The judge ultimately rejected Maryland's assertions that the Trump administration's action around the halted cost-sharing reduction payments, or CSRs, and the Justice Department's decision not to defend the ACA, as proof the entire law was at risk.
On CSRs, Hollander indicated that the Trump administration's decision to stop paying wasn't without legal ground. She cited a previous court decision that found Congress did not in fact appropriate the payments, and also referred back to the another federal court in California's refusal to force the Trump administration from making the payments which Congress did not appropriate. She quoted the California judge's opinion that "although it's a close question, it appears initially that the Trump administration has the stronger legal argument."
Last year a federal appellate court approved the Trump administration's settlement of the lawsuit originally filed by the GOP-led U.S. House of Representatives.
Hollander also said Maryland "inflated" the significance of the Justice Department's decision under former Attorney General Jeff Sessions not to defend the ACA in the Texas-led GOP state lawsuit to overturn the law.
Maryland "focuses on the omission from the letter of any representation by Sessions that he would continue to enforce the provisions that DOJ views as unconstitutional or inseverable," she wrote.
The plaintiffs cited the letter as evidence the executive branch would stop enforcing these measures, but Hollander said these two things can't be conflated.

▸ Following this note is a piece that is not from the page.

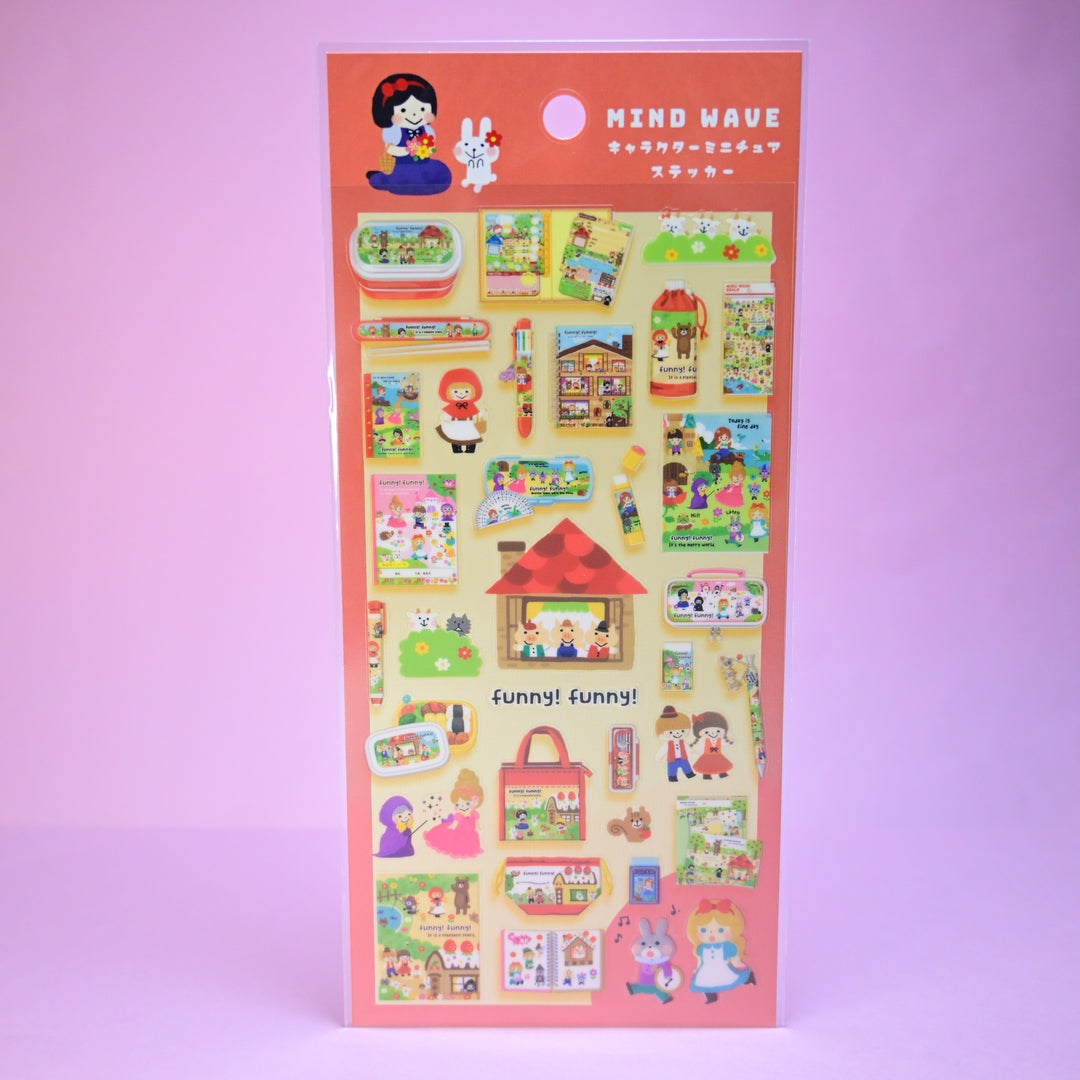 MINDWAVE Character Miniature Sticker Sheet (Red)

"The president's profound disdain for the ACA cannot be seriously disputed," she wrote. "But, the state's allegations do not create a plausible inference of a substantial or certainly impending risk that the Trump administration will cease enforcement of part or all of the ACA. Neither the president's zealous attempts to repeal the statute, nor his derisive comments about it, support an inference that he will fail to enforce the law."
Hollander also waded into the question at the heart of Texas case: Did Congress intend for the ACA to survive after it effectively eliminated the law's individual mandate penalty?
Legal analysts have criticized U.S. District Judge Reed O'Connor's ruling as a misreading of congressional intent, since lawmakers left the rest of the law in place even as they gutted the mandate.
Hollander quoted several GOP senators' statements on the matter during debate over the tax law. She included a speech by Sen. Pat Toomey (R-Penn.), noting that he "made it clear in floor debate that Congress intended to reduce the payment but sought to preserve the remainder of the Affordable Care Act."
She also quoted then-Senate Finance Committee Chair Orrin Hatch (R-Utah) and Sen. Shelley Moore Capito (R-W.V.) making similar statements.
The decision comes as the Texas lawsuit simmers, waiting on action from the U.S. 5th Circuit Court of Appeals where O'Connor's ruling is facing a challenge by Democratic attorneys general who intervened in the case.
In Washington, the case that loomed large and helped Democrats in the 2018 midterm elections is still serving as political fuel.
On Wednesday, the health panel for the House Energy and Commerce Committee plans to hold a hearing on what would happen to the healthcare system if O'Connor's ruling stands.